What the task asks — Any picture must be dropped, but each line of the data should be duplicated exactly.

Start of Available data

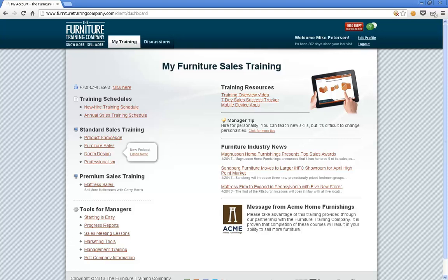Hello everyone and thank you for joining me again for one of our Tools for Managers videos. This is Chris Sorensen and I want to go over the sales meeting lessons today.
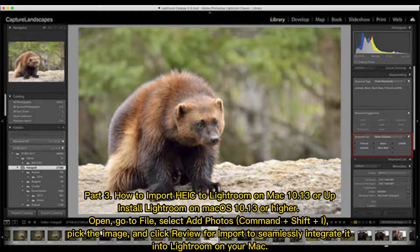How to import HEIC to Lightroom on Mac 10.13 or higher. Install Lightroom on macOS 10.13 or higher. Open Lightroom, go to File, use the Selected Photos command with the Shift plus I keyboard shortcut. Pick the image and click Review for Import to seamlessly integrate it into Lightroom on your Mac.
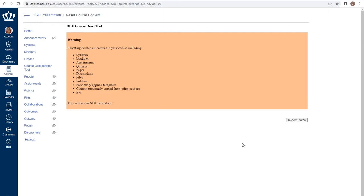any previously applied templates. There is no way to undo resetting your course. ITS and CLT will not be able to assist you in recovering the content if you choose to reset your course.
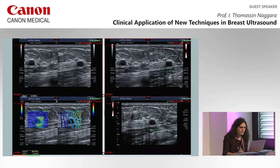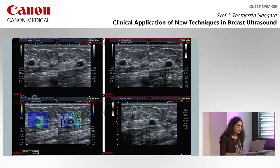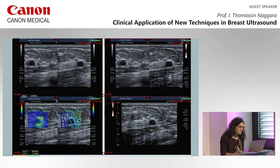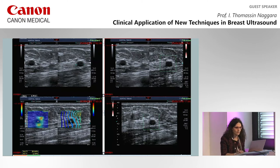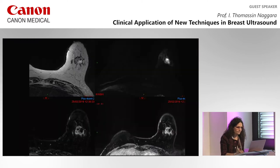Here is another example: a lesion that could be a complex cyst or a solid lesion. The elastography is reassuring — no deformability — and there is no flow on SMI. This lesion was a complex cyst.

End of Available data

Result below —
Hello everyone and thank you for joining me again for one of our Tools for Managers videos. This is Chris Sorensen and I want to go over the sales meeting lessons today.
How to import HEIC to Lightroom on Mac 10.13 or higher. Install Lightroom on macOS 10.13 or higher. Open Lightroom, go to File, use the Selected Photos command with the Shift plus I keyboard shortcut. Pick the image and click Review for Import to seamlessly integrate it into Lightroom on your Mac.
any previously applied templates. There is no way to undo resetting your course. ITS and CLT will not be able to assist you in recovering the content if you choose to reset your course.
Here is another example: a lesion that could be a complex cyst or a solid lesion. The elastography is reassuring — no deformability — and there is no flow on SMI. This lesion was a complex cyst.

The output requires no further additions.